Karakterlerin yerine kendinizi ve arkadaşlarınızı koyabilirsiniz.
Şarkıyı da açın bu arada öyle okuyun.
----------------------------------------------------------------------------------------------"Hayır ya biz nasıl Paris'te olabiliriz, pardon bir çizgi filmin içinde."
"Çok saçma ya"
"Adıma bak. Daha düzgün bir isim rica etsem çok mu fazla olurdu acaba""Rica ediyorum sus artık."
"Ay acaba Chloe var mıdır"
"Mert- ay pardon Isaac"
"Efendim"
"Mutfağa git salatalık falan doğra aç aç dışarı çıkmayacağız değil mi"
"Doğru, tamam bekliyorum seni.
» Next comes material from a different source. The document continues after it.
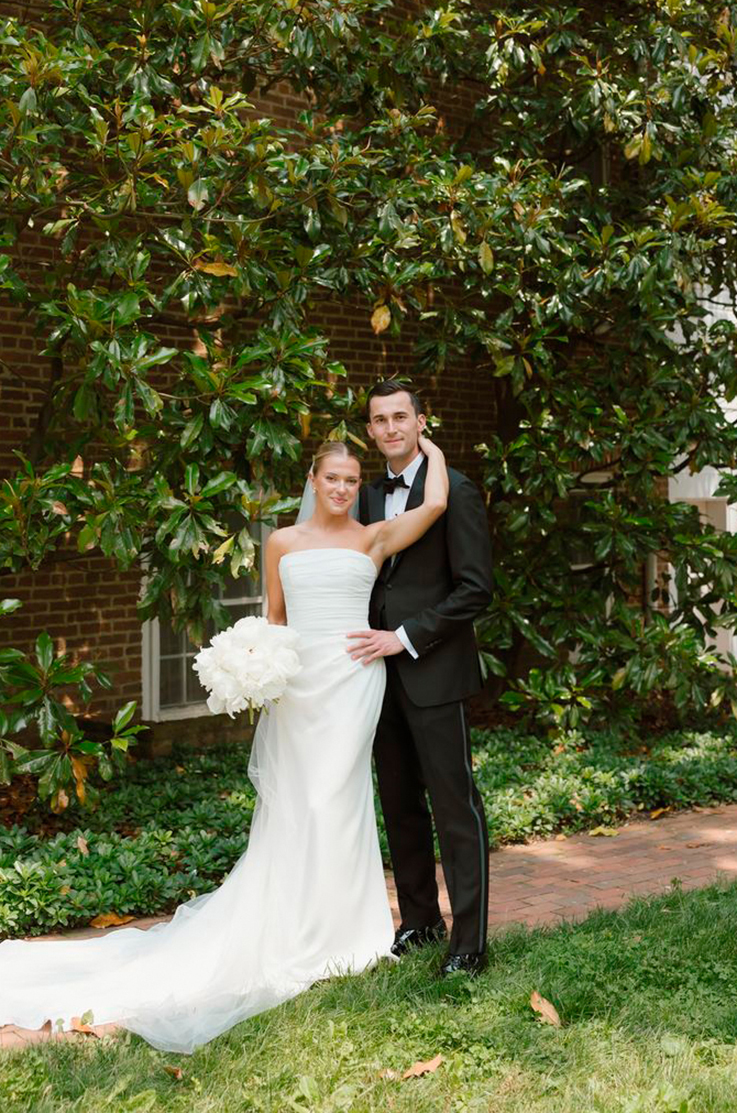 Bride in a draped crepe bodice gown with a veil, is holding a large white bouquet and poses with her groom by trees.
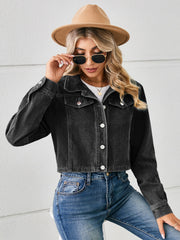 Black cropped denim trucker jacket with button front and chest pockets.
Sen ne yapacaksın bu arada"
"Bunu sorgulama Isaac, mutfağa git"
"Bana Isaac deme!"
"Ama adın bu Isaac."
Oflayarak mutfağa gitti. Ne dedim sanki. Odama gittim. Dolabımı açıp az kurcaladıktan sonra bir sweatshirt, bir pantolon aldım. Giydikten sonra aynada kendime baktım.(sweatshirtin cepli ve şapkalı olduğunu düşünün)
İç sesim: MükemmelimHaklı. Mükemmelim yani.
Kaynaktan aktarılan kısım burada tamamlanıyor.